In message <Pine.GSO.4.10.9904171834190.21850-100000@weyl.math.psu.edu>, Alexan
der Viro writes:
+-----
| On Sat, 17 Apr 1999, Theodore Y. Ts'o wrote:
| > Ok, given example with "more"... I do not think inheritable set of
| > "more" set to NULL would help: even if it was that way, shell executed
| > from more would have uid == 0 and no privileges. But what user owns
| > /etc/passwd? uid == 0. And I've got a shell with... uid == 0. So I do
| >
| > You can do full POSIX capabilities and still be Unix; and the way you
| > solve this problem using model outlined by the POSIX capabilities draft
| > is that /usr/ucb/Mail would no longer be setuid root, so "more" would not
| > be running with uid 0, and neither would the shell executing from more.
| > /usr/ucb/Mail would instead have a capability which allowed it to
| > override filesystem discretionary access controls, or whatever other
|
| ... i.e. would be able to modify files that don't belong to its UID. E.g.
| /etc/passwd. Q.E.D.
+--->8

Straw man.

Capabilities defined that loosely aren't particularly useful.
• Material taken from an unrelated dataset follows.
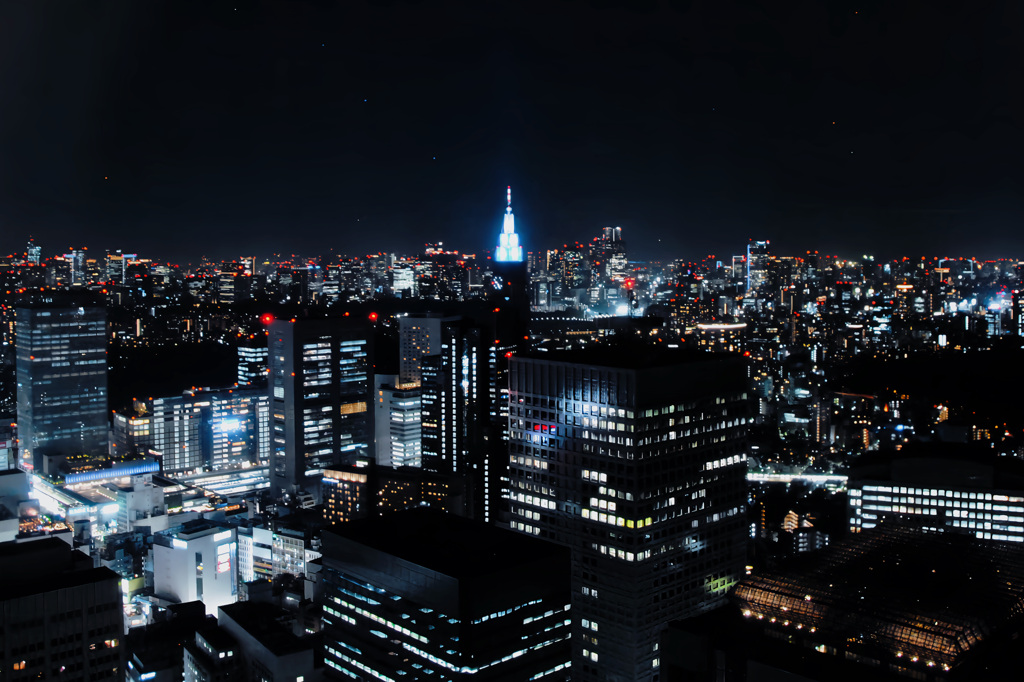 東京の夜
A better
real-world example of a capability useful for mail programs would be: the
ability to create and remove files owned by the process's uid in certain
directories.

This assumes some way to flag such directories, either by borrowing an unused
standard permissions bit --- does setuid on a directory currently mean
something? --- or by creating new permission bits. Ideally, it would be tied
to an ACL system where a directory could have ACLs for capabilities as well
as for users/groups. One could then create "capabilities" (the term "roles"
probably fits better in this context) which exist solely to be assigned to
ACLs and attached to specific programs; and in one stroke you've produced a
fine-grained fix for a wide range of security problems currently solved by
the use of setuid.

One could get even finer-grained control, e.g. "can create files which are
named `X.lock' in a specified directory, where `X' is an existing file owned
by the uid of the process with the capability", but this is probably not a
good idea because it requires encoding that kind of restriction into the
kernel. Then again, a mechanism for loading byte-code capability definitions
--- itself controlled by a "permanent" capability --- could prove useful for
this level of control.

-- 
brandon s. allbery	[os/2][linux][solaris][japh]	 allbery@kf8nh.apk.net
system administrator	     [WAY too many hats]	   allbery@ece.cmu.edu
carnegie mellon / electrical and computer engineering			 KF8NH
     We are Linux. Resistance is an indication that you missed the point.